Task statement — Only an exact copy of the records below will serve as the answer.

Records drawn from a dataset
......

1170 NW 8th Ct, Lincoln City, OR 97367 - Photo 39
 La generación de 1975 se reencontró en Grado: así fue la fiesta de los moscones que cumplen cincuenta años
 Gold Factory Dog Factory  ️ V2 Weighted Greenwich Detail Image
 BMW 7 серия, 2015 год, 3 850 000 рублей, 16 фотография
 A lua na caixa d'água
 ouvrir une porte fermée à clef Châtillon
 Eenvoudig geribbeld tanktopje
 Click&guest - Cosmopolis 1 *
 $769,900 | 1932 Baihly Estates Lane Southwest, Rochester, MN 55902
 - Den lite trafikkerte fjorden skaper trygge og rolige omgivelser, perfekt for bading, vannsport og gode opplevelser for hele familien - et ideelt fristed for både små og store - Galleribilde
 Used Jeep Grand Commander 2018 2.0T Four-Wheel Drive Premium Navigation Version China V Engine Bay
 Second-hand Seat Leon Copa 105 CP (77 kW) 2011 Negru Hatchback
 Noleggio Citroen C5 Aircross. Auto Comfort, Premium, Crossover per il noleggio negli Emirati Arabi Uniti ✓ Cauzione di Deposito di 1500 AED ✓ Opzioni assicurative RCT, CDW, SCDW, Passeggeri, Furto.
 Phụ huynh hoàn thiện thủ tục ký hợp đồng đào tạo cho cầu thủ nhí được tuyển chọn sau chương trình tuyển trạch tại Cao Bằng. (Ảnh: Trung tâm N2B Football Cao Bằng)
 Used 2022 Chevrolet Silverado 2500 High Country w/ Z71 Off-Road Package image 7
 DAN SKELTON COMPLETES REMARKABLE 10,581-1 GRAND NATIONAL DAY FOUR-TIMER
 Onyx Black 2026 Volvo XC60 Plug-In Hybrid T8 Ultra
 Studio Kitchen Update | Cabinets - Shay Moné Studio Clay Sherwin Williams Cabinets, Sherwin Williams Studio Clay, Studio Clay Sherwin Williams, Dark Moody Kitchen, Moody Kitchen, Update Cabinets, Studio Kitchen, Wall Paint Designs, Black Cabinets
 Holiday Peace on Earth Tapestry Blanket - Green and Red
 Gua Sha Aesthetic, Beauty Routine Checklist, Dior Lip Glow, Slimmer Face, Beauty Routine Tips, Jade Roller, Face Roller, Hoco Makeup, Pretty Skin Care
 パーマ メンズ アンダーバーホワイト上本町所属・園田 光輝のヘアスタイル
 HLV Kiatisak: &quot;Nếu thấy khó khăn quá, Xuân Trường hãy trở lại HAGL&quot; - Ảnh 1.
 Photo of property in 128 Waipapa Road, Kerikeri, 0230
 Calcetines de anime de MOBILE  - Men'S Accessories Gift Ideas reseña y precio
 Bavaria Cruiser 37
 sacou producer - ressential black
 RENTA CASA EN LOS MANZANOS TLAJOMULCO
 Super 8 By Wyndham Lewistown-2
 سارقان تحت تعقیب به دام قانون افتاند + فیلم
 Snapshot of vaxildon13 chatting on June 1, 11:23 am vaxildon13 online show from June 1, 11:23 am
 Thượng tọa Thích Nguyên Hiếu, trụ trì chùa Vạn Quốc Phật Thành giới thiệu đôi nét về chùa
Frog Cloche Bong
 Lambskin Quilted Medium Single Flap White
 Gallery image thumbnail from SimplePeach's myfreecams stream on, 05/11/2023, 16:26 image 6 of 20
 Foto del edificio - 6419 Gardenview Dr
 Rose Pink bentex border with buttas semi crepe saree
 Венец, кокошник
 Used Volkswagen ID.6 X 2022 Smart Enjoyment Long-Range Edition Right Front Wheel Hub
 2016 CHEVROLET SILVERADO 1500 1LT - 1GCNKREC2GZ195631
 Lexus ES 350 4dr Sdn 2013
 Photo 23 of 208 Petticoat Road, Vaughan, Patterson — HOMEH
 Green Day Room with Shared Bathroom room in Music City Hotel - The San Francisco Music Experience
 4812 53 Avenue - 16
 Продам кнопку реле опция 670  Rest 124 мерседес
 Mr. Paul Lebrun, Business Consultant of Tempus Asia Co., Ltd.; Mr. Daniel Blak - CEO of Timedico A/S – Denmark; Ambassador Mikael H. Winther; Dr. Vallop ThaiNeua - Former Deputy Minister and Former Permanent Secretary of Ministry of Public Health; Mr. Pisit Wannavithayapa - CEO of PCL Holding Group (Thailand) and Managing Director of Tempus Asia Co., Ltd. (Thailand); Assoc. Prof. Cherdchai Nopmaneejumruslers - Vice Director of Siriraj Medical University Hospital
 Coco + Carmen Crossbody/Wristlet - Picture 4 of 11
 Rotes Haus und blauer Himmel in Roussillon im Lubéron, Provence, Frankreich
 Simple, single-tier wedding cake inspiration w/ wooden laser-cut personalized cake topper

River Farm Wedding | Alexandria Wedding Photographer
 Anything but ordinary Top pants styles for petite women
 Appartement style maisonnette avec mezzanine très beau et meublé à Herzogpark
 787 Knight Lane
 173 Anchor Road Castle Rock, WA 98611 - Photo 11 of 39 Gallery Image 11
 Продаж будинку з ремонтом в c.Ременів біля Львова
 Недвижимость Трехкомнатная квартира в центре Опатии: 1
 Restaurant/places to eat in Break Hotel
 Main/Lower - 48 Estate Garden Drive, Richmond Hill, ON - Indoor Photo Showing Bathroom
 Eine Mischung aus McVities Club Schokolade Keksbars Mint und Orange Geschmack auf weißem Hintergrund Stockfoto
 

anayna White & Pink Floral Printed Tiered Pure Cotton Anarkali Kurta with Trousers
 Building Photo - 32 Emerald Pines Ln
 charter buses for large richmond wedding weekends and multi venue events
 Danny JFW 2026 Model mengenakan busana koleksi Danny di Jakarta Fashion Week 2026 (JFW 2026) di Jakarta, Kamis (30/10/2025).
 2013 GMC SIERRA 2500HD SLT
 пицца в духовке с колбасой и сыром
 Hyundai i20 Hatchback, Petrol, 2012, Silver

......

Written reply —
1170 NW 8th Ct, Lincoln City, OR 97367 - Photo 39
 La generación de 1975 se reencontró en Grado: así fue la fiesta de los moscones que cumplen cincuenta años
 Gold Factory Dog Factory  ️ V2 Weighted Greenwich Detail Image
 BMW 7 серия, 2015 год, 3 850 000 рублей, 16 фотография
 A lua na caixa d'água
 ouvrir une porte fermée à clef Châtillon
 Eenvoudig geribbeld tanktopje
 Click&guest - Cosmopolis 1 *
 $769,900 | 1932 Baihly Estates Lane Southwest, Rochester, MN 55902
 - Den lite trafikkerte fjorden skaper trygge og rolige omgivelser, perfekt for bading, vannsport og gode opplevelser for hele familien - et ideelt fristed for både små og store - Galleribilde
 Used Jeep Grand Commander 2018 2.0T Four-Wheel Drive Premium Navigation Version China V Engine Bay
 Second-hand Seat Leon Copa 105 CP (77 kW) 2011 Negru Hatchback
 Noleggio Citroen C5 Aircross. Auto Comfort, Premium, Crossover per il noleggio negli Emirati Arabi Uniti ✓ Cauzione di Deposito di 1500 AED ✓ Opzioni assicurative RCT, CDW, SCDW, Passeggeri, Furto.
 Phụ huynh hoàn thiện thủ tục ký hợp đồng đào tạo cho cầu thủ nhí được tuyển chọn sau chương trình tuyển trạch tại Cao Bằng. (Ảnh: Trung tâm N2B Football Cao Bằng)
 Used 2022 Chevrolet Silverado 2500 High Country w/ Z71 Off-Road Package image 7
 DAN SKELTON COMPLETES REMARKABLE 10,581-1 GRAND NATIONAL DAY FOUR-TIMER
 Onyx Black 2026 Volvo XC60 Plug-In Hybrid T8 Ultra
 Studio Kitchen Update | Cabinets - Shay Moné Studio Clay Sherwin Williams Cabinets, Sherwin Williams Studio Clay, Studio Clay Sherwin Williams, Dark Moody Kitchen, Moody Kitchen, Update Cabinets, Studio Kitchen, Wall Paint Designs, Black Cabinets
 Holiday Peace on Earth Tapestry Blanket - Green and Red
 Gua Sha Aesthetic, Beauty Routine Checklist, Dior Lip Glow, Slimmer Face, Beauty Routine Tips, Jade Roller, Face Roller, Hoco Makeup, Pretty Skin Care
 パーマ メンズ アンダーバーホワイト上本町所属・園田 光輝のヘアスタイル
 HLV Kiatisak: &quot;Nếu thấy khó khăn quá, Xuân Trường hãy trở lại HAGL&quot; - Ảnh 1.
 Photo of property in 128 Waipapa Road, Kerikeri, 0230
 Calcetines de anime de MOBILE  - Men'S Accessories Gift Ideas reseña y precio
 Bavaria Cruiser 37
 sacou producer - ressential black
 RENTA CASA EN LOS MANZANOS TLAJOMULCO
 Super 8 By Wyndham Lewistown-2
 سارقان تحت تعقیب به دام قانون افتاند + فیلم
 Snapshot of vaxildon13 chatting on June 1, 11:23 am vaxildon13 online show from June 1, 11:23 am
 Thượng tọa Thích Nguyên Hiếu, trụ trì chùa Vạn Quốc Phật Thành giới thiệu đôi nét về chùa
Frog Cloche Bong
 Lambskin Quilted Medium Single Flap White
 Gallery image thumbnail from SimplePeach's myfreecams stream on, 05/11/2023, 16:26 image 6 of 20
 Foto del edificio - 6419 Gardenview Dr
 Rose Pink bentex border with buttas semi crepe saree
 Венец, кокошник
 Used Volkswagen ID.6 X 2022 Smart Enjoyment Long-Range Edition Right Front Wheel Hub
 2016 CHEVROLET SILVERADO 1500 1LT - 1GCNKREC2GZ195631
 Lexus ES 350 4dr Sdn 2013
 Photo 23 of 208 Petticoat Road, Vaughan, Patterson — HOMEH
 Green Day Room with Shared Bathroom room in Music City Hotel - The San Francisco Music Experience
 4812 53 Avenue - 16
 Продам кнопку реле опция 670  Rest 124 мерседес
 Mr. Paul Lebrun, Business Consultant of Tempus Asia Co., Ltd.; Mr. Daniel Blak - CEO of Timedico A/S – Denmark; Ambassador Mikael H. Winther; Dr. Vallop ThaiNeua - Former Deputy Minister and Former Permanent Secretary of Ministry of Public Health; Mr. Pisit Wannavithayapa - CEO of PCL Holding Group (Thailand) and Managing Director of Tempus Asia Co., Ltd. (Thailand); Assoc. Prof. Cherdchai Nopmaneejumruslers - Vice Director of Siriraj Medical University Hospital
 Coco + Carmen Crossbody/Wristlet - Picture 4 of 11
 Rotes Haus und blauer Himmel in Roussillon im Lubéron, Provence, Frankreich
 Simple, single-tier wedding cake inspiration w/ wooden laser-cut personalized cake topper

River Farm Wedding | Alexandria Wedding Photographer
 Anything but ordinary Top pants styles for petite women
 Appartement style maisonnette avec mezzanine très beau et meublé à Herzogpark
 787 Knight Lane
 173 Anchor Road Castle Rock, WA 98611 - Photo 11 of 39 Gallery Image 11
 Продаж будинку з ремонтом в c.Ременів біля Львова
 Недвижимость Трехкомнатная квартира в центре Опатии: 1
 Restaurant/places to eat in Break Hotel
 Main/Lower - 48 Estate Garden Drive, Richmond Hill, ON - Indoor Photo Showing Bathroom
 Eine Mischung aus McVities Club Schokolade Keksbars Mint und Orange Geschmack auf weißem Hintergrund Stockfoto
 

anayna White & Pink Floral Printed Tiered Pure Cotton Anarkali Kurta with Trousers
 Building Photo - 32 Emerald Pines Ln
 charter buses for large richmond wedding weekends and multi venue events
 Danny JFW 2026 Model mengenakan busana koleksi Danny di Jakarta Fashion Week 2026 (JFW 2026) di Jakarta, Kamis (30/10/2025).
 2013 GMC SIERRA 2500HD SLT
 пицца в духовке с колбасой и сыром
 Hyundai i20 Hatchback, Petrol, 2012, Silver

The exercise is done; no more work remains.